We saw that some aspects of the task are already executed correctly, such as using somewhat correct grammar and respecting the topic. However the recipe sequence is not logical. For example it is not possible to cream together dry ingredients.

Now let’s see how this result compares with a recipe generated by a fine-tuned model.

2. Fine-Tuning Model on Dataset

NLG models might speak English, but they might not know how to cook yet. By using fine-tuning, we can show recipe examples to the model and train it to follow the structure of a recipe.

Since the GPT-2 release, the community has built great tools to make its fine-tuning more accessible. First N. Shepperd published a code repository to fine-tune the model. Then Max Woolf used Shepperd’s code as a base for a Python package that runs a Tensorflow session in the background, and a notebook that are both open sourced. Using these tools I was able to train the 124M parameter version of GPT-2 version on my dataset.

Text Generation

Keeping the same input as for the base model (“chocolate chips, eggs, sugar, butter”) the following recipe was generated:

“, ‘ all purpose flour ‘, ‘ ground cinnamon ‘, ‘ baking powder ‘, ‘ baking soda ‘, ‘ salt ‘, ‘ sugar ‘, ‘ milk ‘, ‘ vanilla extract ‘, ‘ ‘, ‘Preheat oven to 350 degrees F ( 175 degrees C ) . Grease and flour 2 9x5-inch loaf pans . Beat eggs and sugar together in a mixing bowl until blended . Add butter and beat until incorporated ‘]” “ add both sugars and beat until well mixed . Beat milk and vanilla extract together until smooth . Stir dry ingredients into beaten dry ingredients , alternating with milk mixture , until batter is smooth . Spoon batter into prepared loaf pans . Bake in preheated oven until a toothpick inserted in the center comes out clean , about 70 minutes . Cool in pan for 10 minutes before removing to cool completely on rack .”

In my opinion the generated recipe is closer to a real recipe, with only small sequences that seem less sensical, such as “add both sugars” and “Stir dry ingredients into beaten dry ingredients”. Another interesting fact to note is that the model learned the punctuation that was created during the tokenization process.

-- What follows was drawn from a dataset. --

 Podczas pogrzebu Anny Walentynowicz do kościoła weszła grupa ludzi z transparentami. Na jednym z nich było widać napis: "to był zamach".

As a second example here’s what the machine made with rolled oats, walnuts, scallions, black beans and buns (ingredients originally from The Kitchn’s veggie burger recipe):

Preheat the oven to 350 degrees F. In an 8-inch nonstick skillet over medium-high heat , cook the oats , walnuts , and scallions until well toasted , about 2 minutes . Set aside . In a separate small bowl , combine the beans with the black beans . Pour 1/4 cup of the black beans onto a baking sheet . Bake until the beans are just soft , about 5 minutes . Remove from the oven and let cool until easy to handle , about 15 minutes . Slice the toasted oats and walnuts and arrange on a large platter . Serve hot .

Obviously this recipe generator still requires improvements both in the recipe logic and in the output formatting. One of the bigger challenges in this project is that the model does not always use all suggested ingredients, or it sometimes adds additional ingredients (that you might not have readily available in your fridge). In a future experiment, we could add </>separators</> between the ingredient list and the instructions to teach the model to use the given ingredient list as is.

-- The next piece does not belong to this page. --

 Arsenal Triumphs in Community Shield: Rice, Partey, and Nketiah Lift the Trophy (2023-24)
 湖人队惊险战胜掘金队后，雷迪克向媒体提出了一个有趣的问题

This experiment hints that fine-tuning helped to improve the result. With additional pre-training (for example by scraping additional recipes from more cooking websites) I believe we would be able to generate highly plausible recipes. One fun idea that my colleague Abutaleb Haidary had would be to include recipes from different cultures, which could generate innovative fusion recipes!